In the process of writing The Immaculate Conception of Data, a book about big data and AI in agriculture, I spent years studying clever people who are working to solve environmental and other problems in the food system via digital technologies. One such person I interviewed – someone who leads the “precision agriculture” stream of a well-known ICT company – asserted that “data-driven farming makes farmers grow more food, smarter.”
Precision agriculture is so-called because people believe that farmers’ management decisions will be optimized and made more precise if they are informed by the results of self-learning algorithms which mine large volumes of data (or big data). It is now indisputably known that industrial, chemical-intensive farming contributes significant greenhouse gas emissions, agricultural chemicals have known environmental effects, and people like this scientist hope a data-driven approach will lead to a more targeted and judicious use of fuel and fertilizer.
I don’t dismiss this hope that a digitized agricultural future is a more sustainable one, at least not entirely. I do have reservations that data – no matter how many of them – and smart machines are the best route to a sustainable, global food system.
Why? Here are four reasons:
- BIAS. By now most of us know that internet data-based systems are biased thanks to books like Safiya Noble’s Algorithms of Oppression, but it is less obvious with environmental data. In the same way that we might say a gender-sorting algorithm is biased if it is programmed to sort women from men (because that reproduces a binary view of gender), commercial precision agriculture provides a biased view of farming toward commodity crop and capital-intensive food production. The bulk of farm data are collected on a narrow selection of agronomic crops, such as corn, canola, and soy. This choice makes economic sense because the farms that grow such crops are the “market” for inputs like machinery and chemicals and they have the money to pay for “data-driven” advice. Small and peasant farms dominate globally, and they tend to be more biodiverse and provide crucial ecosystem services; as it stands, however, there is no incentive for private-led innovators to focus on datasets and digital systems for the most sustainable farms – those without the money to pay for expensive technologies.
- LACK OF EVIDENCE. Because of the digital divide described above, the World Bank imagines that the projected “digital revolution” in agriculture will look different in the global south – it will come via smartphones as opposed to expensive precision agricultural tractors and complex AI. Admittedly there are interesting philanthropic projects located in the global south such that it is easy to get swept up in the hype around the bright, shiny and new.
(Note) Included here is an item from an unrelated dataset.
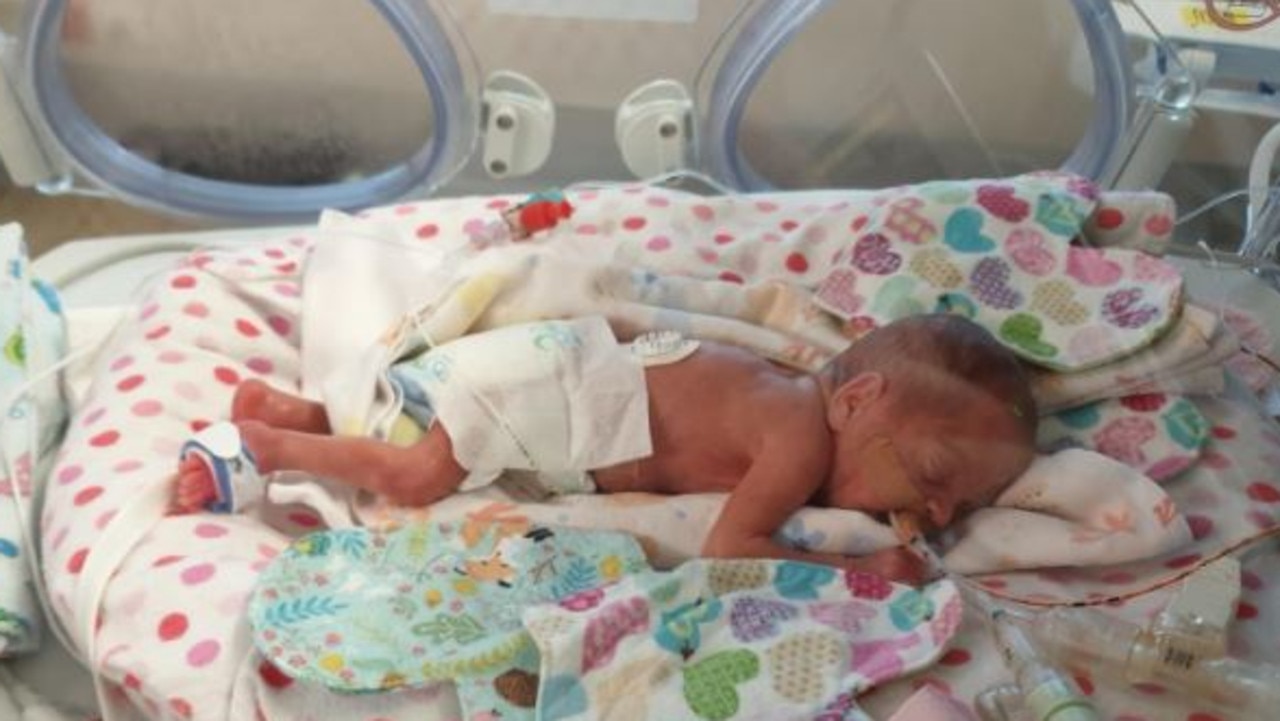 Baby Moira weighed just over 500g when born at just 23 weeks. Picture: Ashlee Eager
But currently there is a lack of hard, empirical evidence that any digital technology outcompetes the tried-and-true agricultural techniques which are known to generate sustainable food production such as agro-ecology, intercropping, cover cropping and extended crop rotations. Even within the academic literature, there are more grand claims than there is hard evidence (multiple year field trials), at least at this point in time.
- LACK OF OVERSIGHT. The ins and outs of commercially available big data-based platforms that help commodity growers make decisions (called “decision support systems”) are impossible to assess because they are protected from scrutiny by legal tools such as intellectual property and trade secrecy law. The technologies are what digital legal scholar Frank Pasqual calls a “pernicious black box.” As with Facebook, Google and Amazon, neither the firms’ datasets nor the AI processes by which they translate data into advice are transparent. Corporations justify tight data control as a means to protect consumers from privacy breaches and the nefarious actions of hackers. Just as with social media companies, there is no democratic institutional oversight over agricultural big data (and even less regulation around agricultural data). As they have done for internet data, likely only time and watchdog slwateuthing will uncover any misuses, and abuses will be worked out painfully in the court of public opinion.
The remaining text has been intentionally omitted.